Ich war ein zurück­hal­ten­der, stil­ler Junge. Das war eine Frage des Selbstvertrauens, das mir nun wirk­lich nicht in die Wiege gelegt wur­de. Ich wur­de in den ers­ten Schuljahren von eini­gen „Klassenkameraden“ drang­sa­liert, die den glei­chen Nachhauseweg hat­ten wie ich. Heute wür­de ich vor allem die­se ers­te Phase mei­ner Schulzeit als nicht die glück­lichs­te beschrei­ben. Ich hat­te damals häu­fig mit Magenkrämpfen zu tun. Die Kinderärztin dia­gnos­ti­zier­te eine Magenschleimhautentzündung. Vermutlich war das eine direk­te Folge der dama­li­gen Erlebnisse.
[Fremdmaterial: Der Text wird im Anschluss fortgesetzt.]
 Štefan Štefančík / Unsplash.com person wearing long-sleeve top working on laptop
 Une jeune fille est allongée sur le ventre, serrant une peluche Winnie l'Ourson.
Auf dem Nachhauseweg wur­de ich von den ande­ren Kindern drang­sa­liert. Sie beschä­dig­ten mein Fahrrad, in einem Fall wur­de es mit einer Art Ölfarbe neu lackiert. Ich habe mich kaum gewehrt, obwohl ich klar auf der Seite mei­nes Fahrrades stand. 

Heute weiß ich, mei­ne Angst war für die ande­ren ein Ansporn, das fortzuführen.

Meine Mutter war das eines Tages leid. Sie ver­ein­bar­te ein Treffen mit mei­ner Klassenlehrerin. Ab die­sem Tag hat­te ich einen Vorsprung von einer Viertelstunde, die ande­ren muss­ten war­ten. Diese Vereinbarung genoss aller­dings kei­ne gro­ße Popularität. Auf Dauer war das also kei­ne Lösung. Die Maßnahme beför­der­te wei­te­ren Ärger.

Irgendwie haben wir uns im Lauf der Jahre zusam­men geru­ckelt. Ob es an mei­nem Verhalten gele­gen hat oder an der Einsicht mei­ner »Peiniger« kann ich nicht sagen. Ich erin­ne­re mich noch an eine Konfrontation, die kurz vor unse­rem Wegzug statt­fand. Zum Glück hat­te ich einen unbe­stech­li­chen Verbündeten. Das war ein Boxer namens Arco. Der sorg­te dafür, dass die Angreifer sich rasch ver­zo­gen haben.

Jahre spä­ter haben wir uns immer wie­der mal im Städtchen getrof­fen. Komischerweise spiel­te mei­ne spe­zi­el­le Erfahrung bei unse­ren nur kur­zen Unterhaltungen über­haupt kei­ne Rolle. Wäre unser Umgang von Außenstehenden beob­ach­tet wor­den, hät­ten sie ver­mut­lich kei­ne nega­ti­ven Vibes gespürt. Auch dann nicht, wenn man nur auf mich geach­tet hätte.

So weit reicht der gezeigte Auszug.